格納庫よりも更に暗い吊らされたコアのコックピットで、彼女は眠るように静かに息をしている。今回は投薬が原因ではなくACとの神経接続のせいだ。彼女は今夢の中にいるような感覚に陥っている。
「こんな実験嫌だ…こんな実験嫌だ…嫌だ嫌だ嫌だ嫌だイヤだイヤだイヤだイヤだいやだいやだいやだいやだ………」
脳内に流れ込んでくる膨大な量の情報が自動的に処理され彼女の身体は人ではなくなっていく感覚を憶える。自分でそれをどうすることもできず、ただうずくまり否定することでその処理される情報量を抑えるだけだった。

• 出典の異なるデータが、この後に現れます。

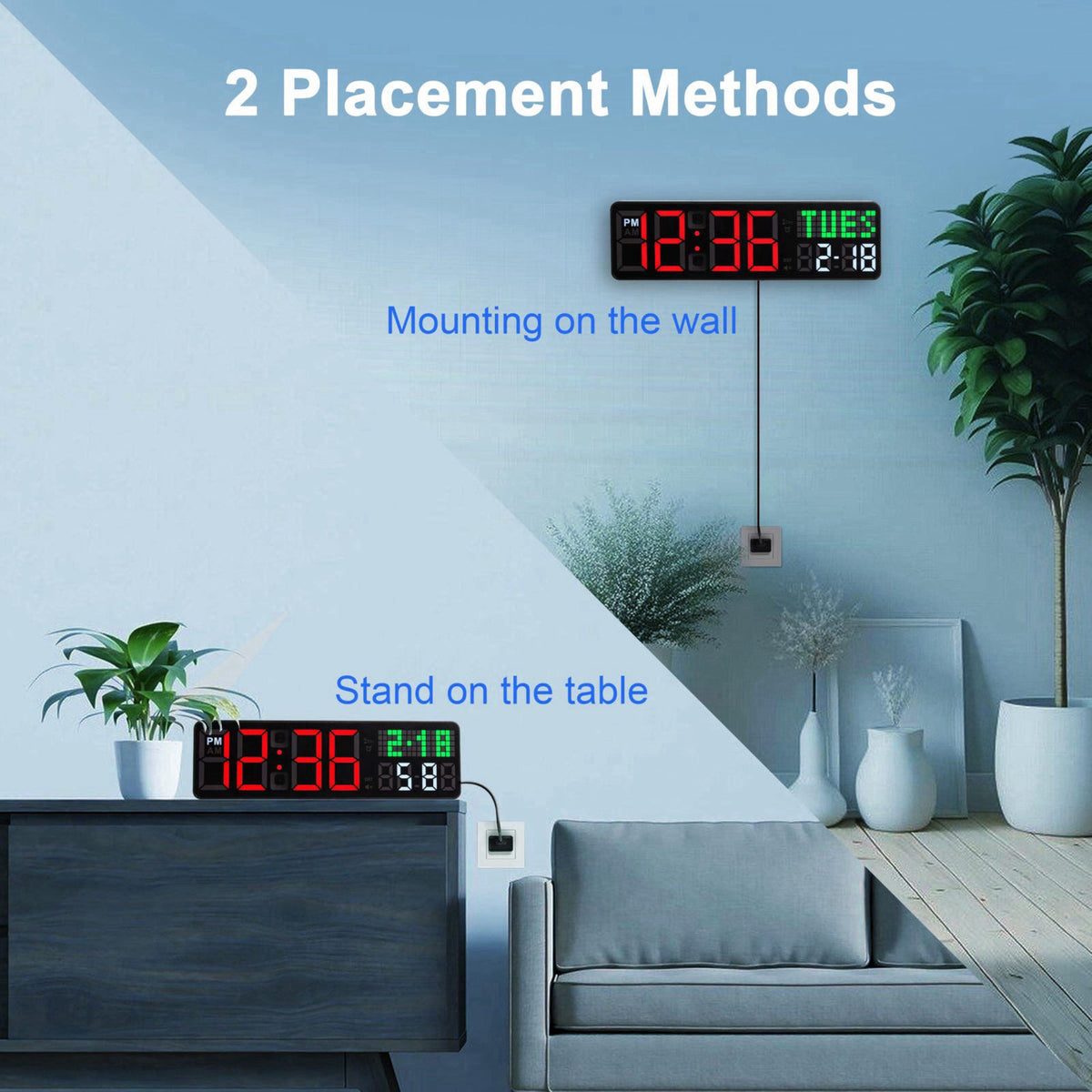 LUCORB Home Gym Timer, 12'' Interval Workout Clock with Seconds | Remote Control | 5 Display Modes, 4 Alarms | Countdown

「身体を取らないでもっていかないで私をこわさないで…」


「同化率は6割から変化なし、実験はもう少し掛かりそうですね」
モニターを見つめていた技術者の一人がメガネを外し疲れた目を目蓋の上からほぐしながら言い、クソ女と罵倒された白衣の女性は人差し指で頬を軽く叩きながら答える。
「確か〝X-025A-2J〟が実戦訓練用にあったわね?あれを今晩中にフル装備で用意して、今日の実験はこの位にして明日実戦訓練を試しましょう」
「6割の時点で実戦ですか…?了解、整備班に連絡します」
「そうよね、まだ子供だもの。遊んで学ぶ…存分に暴れさせれば存外効果が期待できそうじゃない?」
女性はお世辞にも美しいとは言えぬ笑みを浮かべながら部屋を後にする。格納庫を出る際、薬を打たれまたも死んだような状態でコアから引っ張り出された少女を目にし、得意気にメガネ光らせた。